Американка Александра Горовиц, специалист по поведению собак, попыталась прояснить этот вопрос с помощью эксперимента. Хозяева должны были сердиться на собаку, не сделавшую ничего плохого, и наоборот, никак не реагировать на разгромленную кухню или погрызенную ценную обувь (а сама Горовиц – на поедание печенья, которое велено было не трогать). После ряда подобных проверок Горовиц пришла к выводу, что виноватый вид – потупленный взгляд, прижатые уши, съеживание, отворачивание, бьющийся между задними лапами хвост – никак не связан с наличием или отсутствием проступка. Все зависит не от содеянного, а от реакции хозяина. Если хозяин ругает собаку, она принимает бесконечно виноватый вид. Если нет, значит все чинно-благородно. На самом деле многие проступки совершаются задолго до того, как хозяин вернется домой, так что наказание увязывается в сознании собаки с хозяином, а не с проступком. Именно поэтому собаке ничего не стоит радостно продефилировать перед вами с уликой – измочаленной кроссовкой или растерзанным плюшевым медведем[129].

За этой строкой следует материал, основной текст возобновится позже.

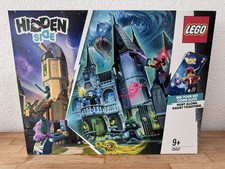 LEGO HIDDEN SIDE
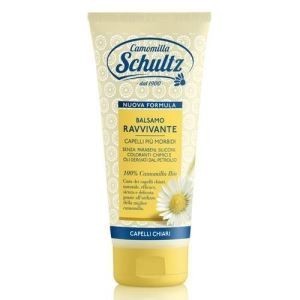 SCHULTZ BALSAMO RAVVIVANTE...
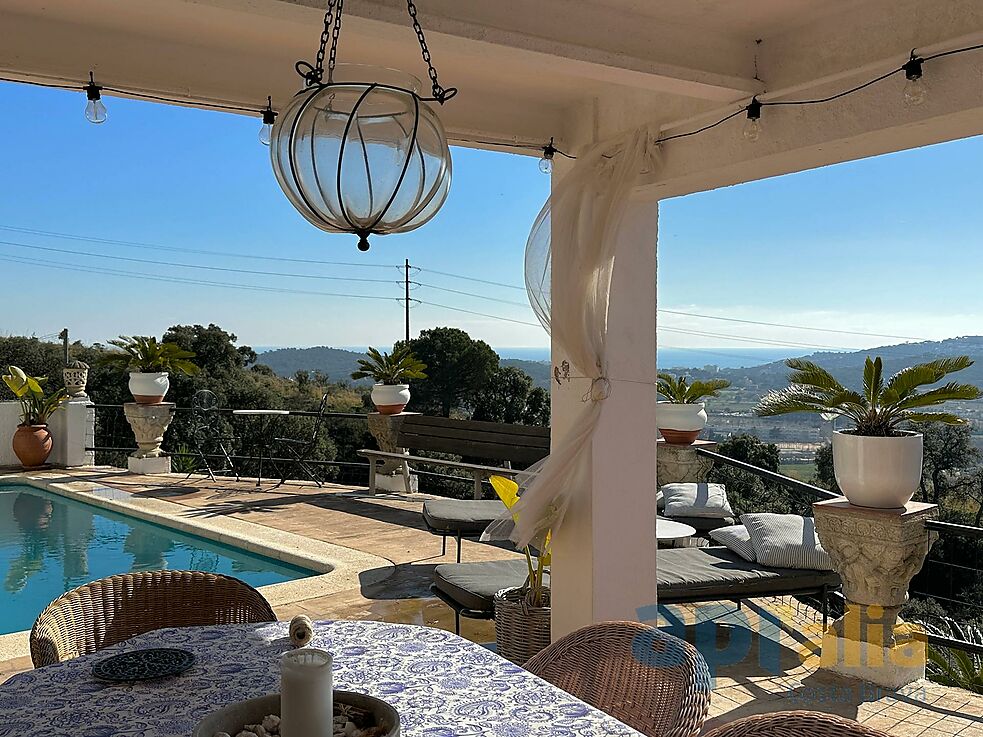 Chalet en venta en Platja d'Aro
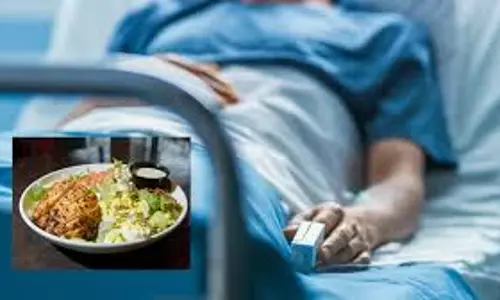 Seventy people seek treatment for food poisoning in Kerala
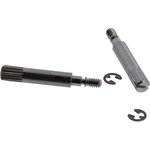 M83513/05-06, JACK SCREW KIT, 6.55MM, 2-56 UNC-2A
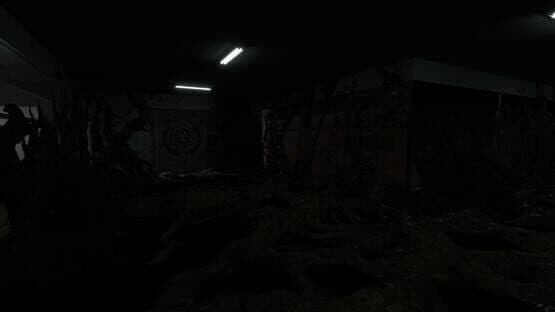 SCP Foundation: Universe Horror — screenshot 4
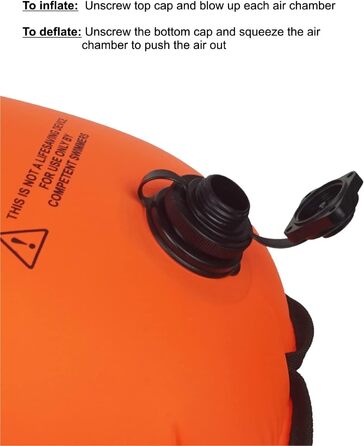 Lomo Drybag Floatation Device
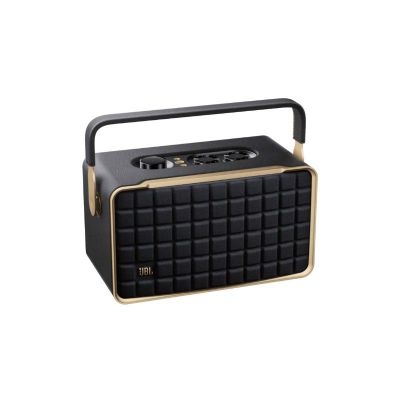 Parlante Bluetooth JBL Authentics 300 Negro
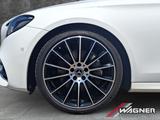 Mercedes-Benz E 200 T-Modell AMG Line 9GTronic SH Kamera Stand - Mercedes-Benz E-Klasse: T Modell AMG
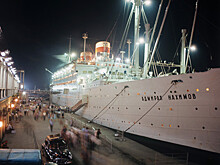 35 лет назад произошло крушение "Адмирала Нахимова"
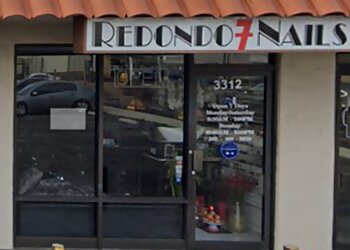 Long Beach Nail Salons Redondo 7 Nails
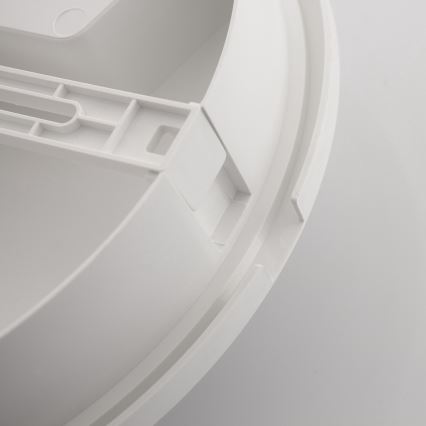 Вуличний світлодіодний стельовий світильник LED/20W/230V IP65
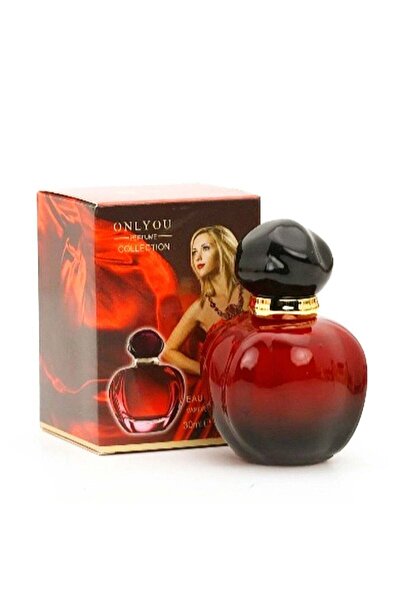 ONLYOU مجموعة عطور PFRFUME 819 - ماء عطر 30 مل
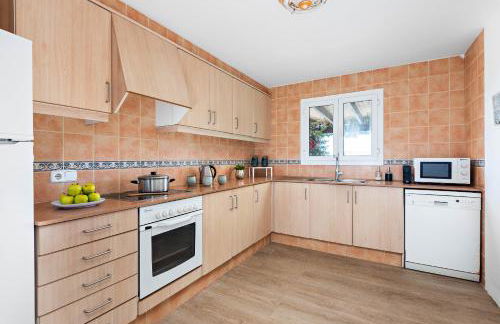 Villa Bini Uxuanne by Escape Home - Foto 17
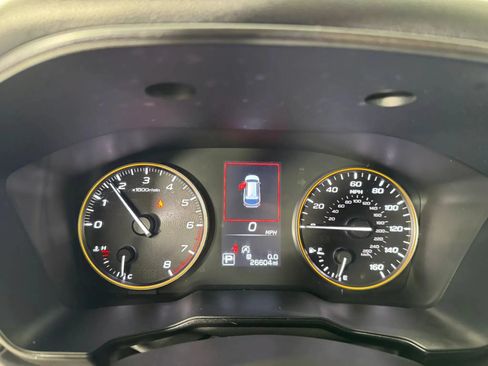 Used 2025 Subaru Outback Wilderness AWD/4WD image 14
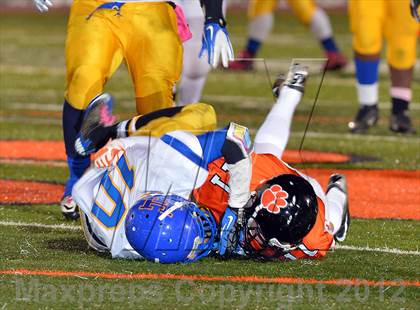 Thumbnail 3 in Ridgefield vs. Harding photogallery.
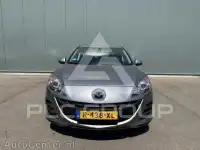 2011 Mazda 3
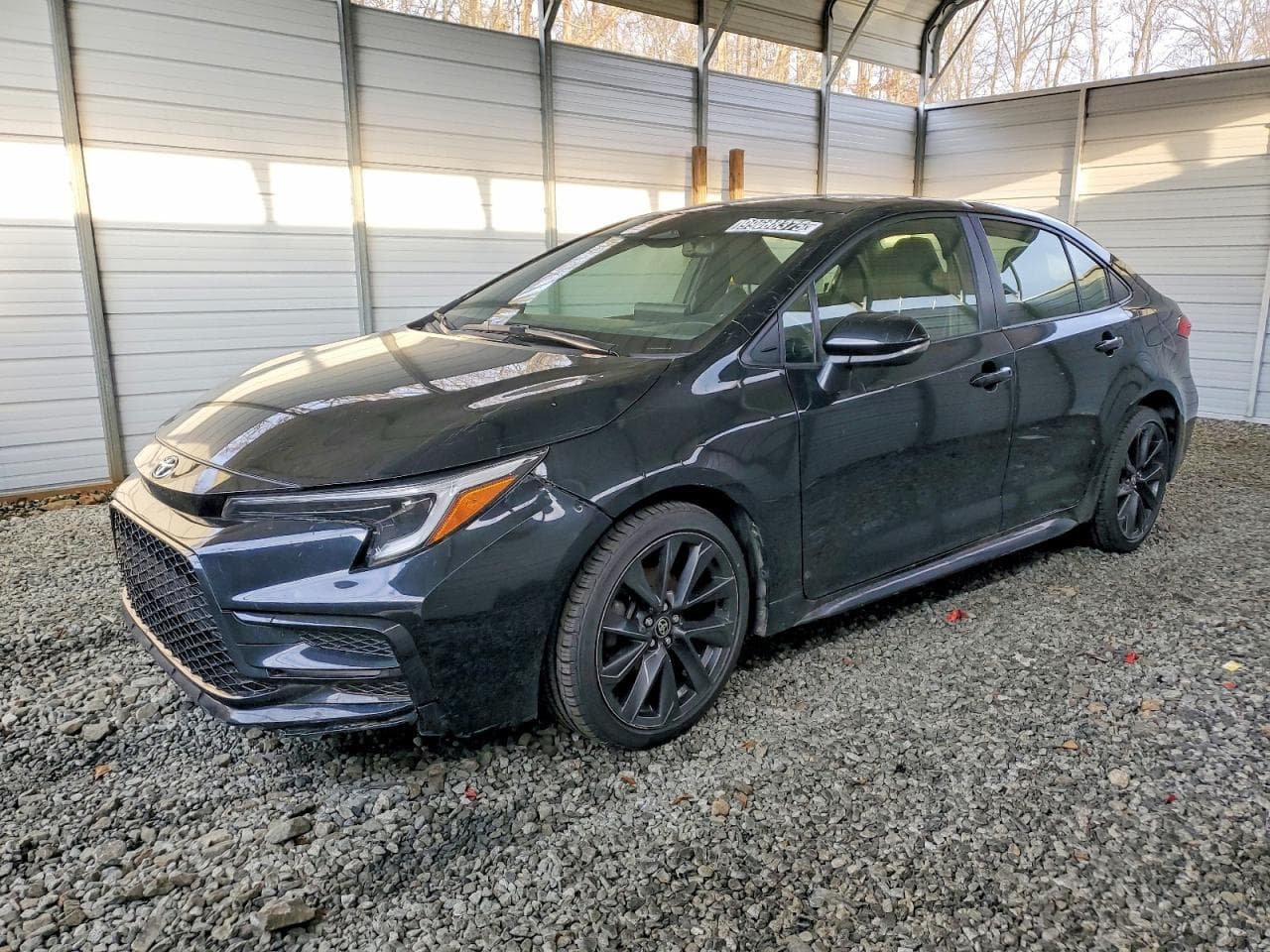 COROLLA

Таким образом, поведение собаки после проступка следует расценивать не как выражение чувства вины, а как действия, типичные для представителя вида животных, для которых характерны иерархические отношения, в присутствии потенциально недовольной доминантной особи – смесь подчинения и попытки умилостивить, направленные на уменьшение вероятности взбучки. У меня дома только кошки, собак нет, поэтому ни малейших признаков чувства вины у своих питомцев я не наблюдаю – это связано с меньшей иерархичностью у кошачьих. Собаки лучше понимают установленный порядок и острее чувствуют его нарушение. Матрицей для формирования чувства вины была и остается социальная иерархия, пусть даже человек до такой степени загоняет внутрь страх наказания, что начинает винить себя. Мы наказываем себя сами, терзаясь угрызениями совести из-за поступка, который совершать не следовало, или из-за того, что, наоборот, не сумели совершить требуемое. Мы готовы искупить вину – компенсировать ущерб или принять наказание.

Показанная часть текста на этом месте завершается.